Cosmos DB’s global distribution is a lie if your application can’t handle replica failures gracefully.

Let’s see it in action. Imagine a Spring Boot app that needs to store and retrieve user profiles from Cosmos DB.

import com.azure.cosmos.CosmosClient;
import com.azure.cosmos.CosmosClientBuilder;
import com.azure.cosmos.CosmosDatabase;
import com.azure.cosmos.CosmosContainer;
import com.azure.cosmos.models.CosmosItemResponse;
import com.azure.cosmos.models.PartitionKey;
import org.springframework.stereotype.Service;

import java.util.Optional;

@Service
public class UserProfileService {

    private final CosmosContainer userProfileContainer;

    public UserProfileService() {
        // Replace with your actual Cosmos DB endpoint and key
        String endpoint = "https://your-cosmosdb-account.documents.azure.com:443/";
        String key = "YOUR_PRIMARY_KEY";
        String databaseName = "UserProfileDB";
        String containerName = "Users";

        CosmosClient client = new CosmosClientBuilder()
            .endpoint(endpoint)
            .key(key)
            .buildClient();

        CosmosDatabase database = client.getDatabase(databaseName);
        this.userProfileContainer = database.getContainer(containerName);
    }

    public void saveUserProfile(UserProfile user) {
        // Assuming UserProfile has an 'id' and a 'partitionKey' field
        CosmosItemResponse<UserProfile> response = userProfileContainer.upsertItem(user);
        System.out.println("Saved user: " + user.getId() + " with status code: " + response.getStatusCode());
    }

    public Optional<UserProfile> getUserProfile(String userId) {
        try {
            // Assuming 'id' is the partition key for this example
            // In a real-world scenario, you'd use the actual partition key value
            CosmosItemResponse<UserProfile> response = userProfileContainer.readItem(userId, new PartitionKey(userId), UserProfile.class);
            return Optional.ofNullable(response.getItem());
        } catch (Exception e) {
            // Handle cases where the item is not found or other errors
            System.err.println("Error fetching user " + userId + ": " + e.getMessage());
            return Optional.empty();
        }
    }

    // Define a simple UserProfile class
    public static class UserProfile {
        private String id;
        private String name;
        private String partitionKey; // Important for Cosmos DB

        // Constructors, getters, and setters
        public UserProfile() {}

        public UserProfile(String id, String name, String partitionKey) {
            this.id = id;
            this.name = name;
            this.partitionKey = partitionKey;
        }

        public String getId() { return id; }
        public void setId(String id) { this.id = id; }
        public String getName() { return name; }
        public void setName(String name) { this.name = name; }
        public String getPartitionKey() { return partitionKey; }
        public void setPartitionKey(String partitionKey) { this.partitionKey = partitionKey; }
    }
}

This code establishes a connection to Cosmos DB and provides methods to saveUserProfile and getUserProfile. The saveUserProfile uses upsertItem for both creating and updating, and getUserProfile uses readItem. The UserProfile class includes id and partitionKey, which are crucial for Cosmos DB operations.

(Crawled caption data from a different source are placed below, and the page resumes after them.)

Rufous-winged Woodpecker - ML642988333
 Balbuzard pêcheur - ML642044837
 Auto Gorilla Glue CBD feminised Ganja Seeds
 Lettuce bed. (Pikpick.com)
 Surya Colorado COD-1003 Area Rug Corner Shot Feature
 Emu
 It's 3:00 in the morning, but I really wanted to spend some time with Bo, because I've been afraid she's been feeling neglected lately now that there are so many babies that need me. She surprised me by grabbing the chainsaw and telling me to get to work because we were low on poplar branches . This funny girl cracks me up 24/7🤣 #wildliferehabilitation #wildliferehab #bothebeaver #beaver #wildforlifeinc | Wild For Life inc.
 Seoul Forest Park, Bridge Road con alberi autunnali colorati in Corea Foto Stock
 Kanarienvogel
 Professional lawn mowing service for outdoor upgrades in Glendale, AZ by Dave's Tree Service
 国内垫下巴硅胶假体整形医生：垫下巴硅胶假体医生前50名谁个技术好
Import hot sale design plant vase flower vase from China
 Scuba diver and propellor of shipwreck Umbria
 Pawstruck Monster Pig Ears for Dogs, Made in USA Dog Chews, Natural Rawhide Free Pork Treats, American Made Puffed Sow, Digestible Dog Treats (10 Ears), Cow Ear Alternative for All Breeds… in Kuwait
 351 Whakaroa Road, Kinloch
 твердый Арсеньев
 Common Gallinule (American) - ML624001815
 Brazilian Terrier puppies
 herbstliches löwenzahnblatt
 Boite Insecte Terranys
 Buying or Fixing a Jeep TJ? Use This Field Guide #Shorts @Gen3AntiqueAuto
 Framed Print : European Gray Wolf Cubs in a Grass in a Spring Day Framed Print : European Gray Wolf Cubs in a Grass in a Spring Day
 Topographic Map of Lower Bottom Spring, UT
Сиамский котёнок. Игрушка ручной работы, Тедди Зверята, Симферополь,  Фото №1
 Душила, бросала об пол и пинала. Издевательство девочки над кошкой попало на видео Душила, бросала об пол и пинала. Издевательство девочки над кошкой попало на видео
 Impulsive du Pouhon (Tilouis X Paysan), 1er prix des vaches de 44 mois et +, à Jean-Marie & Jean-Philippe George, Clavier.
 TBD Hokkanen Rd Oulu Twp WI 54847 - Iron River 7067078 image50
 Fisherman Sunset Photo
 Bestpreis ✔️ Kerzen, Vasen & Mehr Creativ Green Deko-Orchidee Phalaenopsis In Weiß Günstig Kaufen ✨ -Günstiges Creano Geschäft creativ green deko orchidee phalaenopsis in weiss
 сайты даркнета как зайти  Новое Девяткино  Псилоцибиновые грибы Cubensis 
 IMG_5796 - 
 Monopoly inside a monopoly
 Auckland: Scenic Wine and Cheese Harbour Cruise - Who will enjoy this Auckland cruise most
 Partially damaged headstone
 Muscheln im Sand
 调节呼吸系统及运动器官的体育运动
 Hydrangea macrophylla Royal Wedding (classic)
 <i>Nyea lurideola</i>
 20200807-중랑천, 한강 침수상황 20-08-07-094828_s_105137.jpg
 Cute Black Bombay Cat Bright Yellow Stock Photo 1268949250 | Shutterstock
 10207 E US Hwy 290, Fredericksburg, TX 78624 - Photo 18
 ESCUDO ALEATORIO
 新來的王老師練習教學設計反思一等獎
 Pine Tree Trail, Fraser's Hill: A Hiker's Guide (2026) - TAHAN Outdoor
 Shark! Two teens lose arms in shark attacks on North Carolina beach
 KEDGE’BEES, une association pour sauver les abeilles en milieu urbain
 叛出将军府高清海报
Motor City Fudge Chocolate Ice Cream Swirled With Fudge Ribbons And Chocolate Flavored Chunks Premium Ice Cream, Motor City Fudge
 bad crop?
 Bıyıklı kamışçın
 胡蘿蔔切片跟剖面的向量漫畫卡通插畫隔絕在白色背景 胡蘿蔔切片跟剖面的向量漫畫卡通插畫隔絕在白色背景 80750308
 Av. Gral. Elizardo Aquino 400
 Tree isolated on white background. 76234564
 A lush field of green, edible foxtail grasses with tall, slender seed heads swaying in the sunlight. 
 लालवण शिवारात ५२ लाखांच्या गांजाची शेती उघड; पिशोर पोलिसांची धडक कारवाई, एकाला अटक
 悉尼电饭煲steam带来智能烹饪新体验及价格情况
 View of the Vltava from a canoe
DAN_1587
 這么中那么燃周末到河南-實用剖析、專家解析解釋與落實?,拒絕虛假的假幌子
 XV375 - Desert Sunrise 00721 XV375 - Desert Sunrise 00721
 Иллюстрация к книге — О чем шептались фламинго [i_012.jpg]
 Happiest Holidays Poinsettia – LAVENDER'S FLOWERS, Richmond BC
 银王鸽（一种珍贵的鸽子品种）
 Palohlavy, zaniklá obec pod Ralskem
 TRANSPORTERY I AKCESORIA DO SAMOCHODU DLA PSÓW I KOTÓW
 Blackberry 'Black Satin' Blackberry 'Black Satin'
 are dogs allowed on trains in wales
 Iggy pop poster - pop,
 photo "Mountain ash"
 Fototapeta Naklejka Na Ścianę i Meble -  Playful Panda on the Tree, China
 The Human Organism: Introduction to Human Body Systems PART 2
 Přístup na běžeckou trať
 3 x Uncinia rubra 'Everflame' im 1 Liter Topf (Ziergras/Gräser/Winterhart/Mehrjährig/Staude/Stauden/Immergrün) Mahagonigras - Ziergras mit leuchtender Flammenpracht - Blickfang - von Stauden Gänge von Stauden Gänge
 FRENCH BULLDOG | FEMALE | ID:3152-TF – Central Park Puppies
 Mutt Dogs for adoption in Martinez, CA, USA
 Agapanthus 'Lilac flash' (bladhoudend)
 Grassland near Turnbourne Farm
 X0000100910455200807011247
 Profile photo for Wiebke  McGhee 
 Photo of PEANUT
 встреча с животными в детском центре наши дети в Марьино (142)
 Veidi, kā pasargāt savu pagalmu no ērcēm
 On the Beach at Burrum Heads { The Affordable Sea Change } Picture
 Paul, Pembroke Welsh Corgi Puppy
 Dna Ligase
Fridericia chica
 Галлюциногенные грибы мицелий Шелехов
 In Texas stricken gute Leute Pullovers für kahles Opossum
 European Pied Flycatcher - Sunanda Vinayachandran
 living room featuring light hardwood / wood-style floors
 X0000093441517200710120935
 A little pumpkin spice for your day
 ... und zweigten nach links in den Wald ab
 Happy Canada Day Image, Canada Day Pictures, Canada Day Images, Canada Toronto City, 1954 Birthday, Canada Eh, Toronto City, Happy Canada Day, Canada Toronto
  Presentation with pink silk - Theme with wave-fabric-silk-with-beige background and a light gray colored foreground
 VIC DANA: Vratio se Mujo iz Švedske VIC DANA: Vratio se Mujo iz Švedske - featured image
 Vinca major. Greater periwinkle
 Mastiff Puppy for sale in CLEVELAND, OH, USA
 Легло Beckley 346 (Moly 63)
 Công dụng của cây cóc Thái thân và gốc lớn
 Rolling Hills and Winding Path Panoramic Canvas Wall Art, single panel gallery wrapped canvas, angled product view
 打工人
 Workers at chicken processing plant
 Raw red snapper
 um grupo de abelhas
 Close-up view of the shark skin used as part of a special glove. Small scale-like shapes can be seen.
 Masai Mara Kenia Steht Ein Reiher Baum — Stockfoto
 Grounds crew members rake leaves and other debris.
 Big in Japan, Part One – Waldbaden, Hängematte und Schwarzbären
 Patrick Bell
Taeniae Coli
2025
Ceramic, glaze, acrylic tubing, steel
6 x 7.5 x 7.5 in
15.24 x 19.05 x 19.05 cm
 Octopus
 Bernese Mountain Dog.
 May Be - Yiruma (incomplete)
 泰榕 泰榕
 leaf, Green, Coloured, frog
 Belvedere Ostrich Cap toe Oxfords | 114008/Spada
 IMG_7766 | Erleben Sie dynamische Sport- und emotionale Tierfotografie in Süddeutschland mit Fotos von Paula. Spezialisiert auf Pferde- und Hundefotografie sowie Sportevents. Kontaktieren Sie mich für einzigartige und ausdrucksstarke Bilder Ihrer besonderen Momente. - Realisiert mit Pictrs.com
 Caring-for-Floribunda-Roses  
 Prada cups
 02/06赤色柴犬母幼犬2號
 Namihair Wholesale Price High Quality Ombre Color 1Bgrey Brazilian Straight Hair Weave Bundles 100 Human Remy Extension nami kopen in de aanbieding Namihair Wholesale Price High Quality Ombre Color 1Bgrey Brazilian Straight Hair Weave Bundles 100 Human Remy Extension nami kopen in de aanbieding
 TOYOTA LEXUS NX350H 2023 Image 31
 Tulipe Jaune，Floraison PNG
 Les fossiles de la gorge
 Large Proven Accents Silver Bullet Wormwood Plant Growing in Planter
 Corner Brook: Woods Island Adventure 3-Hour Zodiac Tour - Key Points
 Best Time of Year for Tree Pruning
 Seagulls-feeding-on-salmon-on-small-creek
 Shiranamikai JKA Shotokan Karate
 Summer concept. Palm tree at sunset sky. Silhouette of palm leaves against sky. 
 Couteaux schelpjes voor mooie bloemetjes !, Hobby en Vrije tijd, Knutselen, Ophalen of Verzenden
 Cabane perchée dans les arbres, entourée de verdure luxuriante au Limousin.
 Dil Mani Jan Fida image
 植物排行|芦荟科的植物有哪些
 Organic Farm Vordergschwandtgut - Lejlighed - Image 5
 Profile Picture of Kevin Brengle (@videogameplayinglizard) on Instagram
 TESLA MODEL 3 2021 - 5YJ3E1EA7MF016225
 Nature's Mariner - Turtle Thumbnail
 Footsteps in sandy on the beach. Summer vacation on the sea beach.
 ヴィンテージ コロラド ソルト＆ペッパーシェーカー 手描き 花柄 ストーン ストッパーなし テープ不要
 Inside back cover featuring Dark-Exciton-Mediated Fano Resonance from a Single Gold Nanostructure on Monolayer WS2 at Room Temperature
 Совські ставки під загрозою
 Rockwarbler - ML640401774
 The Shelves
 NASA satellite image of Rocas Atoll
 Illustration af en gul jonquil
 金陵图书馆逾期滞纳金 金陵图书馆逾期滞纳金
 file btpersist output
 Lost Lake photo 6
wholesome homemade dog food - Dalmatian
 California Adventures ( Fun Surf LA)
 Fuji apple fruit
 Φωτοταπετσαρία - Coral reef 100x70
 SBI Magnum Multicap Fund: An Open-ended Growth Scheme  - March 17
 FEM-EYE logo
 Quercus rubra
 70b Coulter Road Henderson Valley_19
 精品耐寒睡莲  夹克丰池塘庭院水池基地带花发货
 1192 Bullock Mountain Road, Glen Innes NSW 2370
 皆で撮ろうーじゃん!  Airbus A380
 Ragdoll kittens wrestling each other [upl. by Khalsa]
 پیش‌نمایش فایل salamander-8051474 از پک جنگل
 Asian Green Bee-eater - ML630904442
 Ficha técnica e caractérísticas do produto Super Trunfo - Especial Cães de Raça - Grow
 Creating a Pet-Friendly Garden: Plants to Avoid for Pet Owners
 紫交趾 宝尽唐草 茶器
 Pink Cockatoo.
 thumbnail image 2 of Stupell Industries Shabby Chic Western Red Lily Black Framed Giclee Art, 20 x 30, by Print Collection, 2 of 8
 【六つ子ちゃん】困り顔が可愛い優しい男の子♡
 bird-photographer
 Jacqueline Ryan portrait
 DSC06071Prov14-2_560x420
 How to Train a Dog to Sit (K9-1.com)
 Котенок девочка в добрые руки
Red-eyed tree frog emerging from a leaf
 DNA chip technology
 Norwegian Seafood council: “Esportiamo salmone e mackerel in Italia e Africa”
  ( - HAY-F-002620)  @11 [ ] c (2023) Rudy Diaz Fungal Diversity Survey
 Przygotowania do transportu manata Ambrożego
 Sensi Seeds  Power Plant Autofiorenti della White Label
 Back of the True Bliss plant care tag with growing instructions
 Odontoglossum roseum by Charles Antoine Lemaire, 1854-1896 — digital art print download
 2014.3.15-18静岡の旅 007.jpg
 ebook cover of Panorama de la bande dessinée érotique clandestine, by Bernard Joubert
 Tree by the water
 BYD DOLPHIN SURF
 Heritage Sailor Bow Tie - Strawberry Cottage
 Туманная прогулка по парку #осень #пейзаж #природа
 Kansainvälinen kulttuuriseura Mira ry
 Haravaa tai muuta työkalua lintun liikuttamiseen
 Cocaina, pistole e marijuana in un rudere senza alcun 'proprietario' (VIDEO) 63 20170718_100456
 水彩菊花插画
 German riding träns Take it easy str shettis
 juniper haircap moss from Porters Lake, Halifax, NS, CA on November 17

Cosmos DB is a globally distributed, multi-model database service. It offers elastic and independent scaling of storage and throughput across any number of geographic regions. The core problem it solves is providing a highly available, low-latency data store that can scale on demand, anywhere in the world. It achieves this by replicating data across multiple regions and allowing applications to connect to the nearest replica. The "multi-model" aspect means it supports various data models (document, key-value, graph, column-family) through APIs like SQL (Core), MongoDB, Cassandra, Gremlin, and Table.

Internally, Cosmos DB uses a distributed log-structured merge-tree (LSM-tree) storage engine. Writes are first appended to a distributed log, ensuring durability and atomicity. Reads can be served from local replicas. To manage its distributed nature, it employs a sophisticated consensus protocol (like Paxos or Raft, though Azure doesn’t detail its exact implementation for user-facing APIs) to ensure consistency across replicas. When you interact with Cosmos DB via its SDKs, you’re communicating with the closest available replica. The SDK then handles routing requests, managing retries, and potentially direct communication with other regions if necessary for certain operations.

The key levers you control are:

  1. Throughput (RU/s): Request Units per second. This is the fundamental currency for performance. You provision RU/s for your database or container, and all operations consume RUs. You can set this manually or enable autoscale.
  2. Consistency Levels: Cosmos DB offers five consistency levels: Strong, Bounded Staleness, Session, Consistent Prefix, and Eventual. Each provides a different trade-off between consistency, availability, and latency. Session is the default and often a good balance.
  3. Partitioning Strategy: How you design your partition keys is paramount. A good partition key distributes requests evenly across physical partitions, preventing hot spots and maximizing RU utilization. The partition key value is part of the request itself.
  4. Indexing Policy: Cosmos DB automatically indexes data, but you can customize the indexing policy to include or exclude paths, change indexing modes (consistent vs. lazy), and set composite indexes to optimize query performance.
  5. Global Distribution: You configure which regions your Cosmos DB account is deployed to. The SDK can be configured for different write and read regions.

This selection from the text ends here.